▸ **Work order**
All of the lines below should be printed again exactly as they are.

▸ **Source material**
********

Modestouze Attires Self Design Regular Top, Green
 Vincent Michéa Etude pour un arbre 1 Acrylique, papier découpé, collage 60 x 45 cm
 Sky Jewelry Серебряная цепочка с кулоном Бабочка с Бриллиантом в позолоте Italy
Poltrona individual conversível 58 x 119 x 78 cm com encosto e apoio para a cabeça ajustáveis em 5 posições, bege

********

▸ **Response to this exercise**
Modestouze Attires Self Design Regular Top, Green
 Vincent Michéa Etude pour un arbre 1 Acrylique, papier découpé, collage 60 x 45 cm
 Sky Jewelry Серебряная цепочка с кулоном Бабочка с Бриллиантом в позолоте Italy
Poltrona individual conversível 58 x 119 x 78 cm com encosto e apoio para a cabeça ajustáveis em 5 posições, bege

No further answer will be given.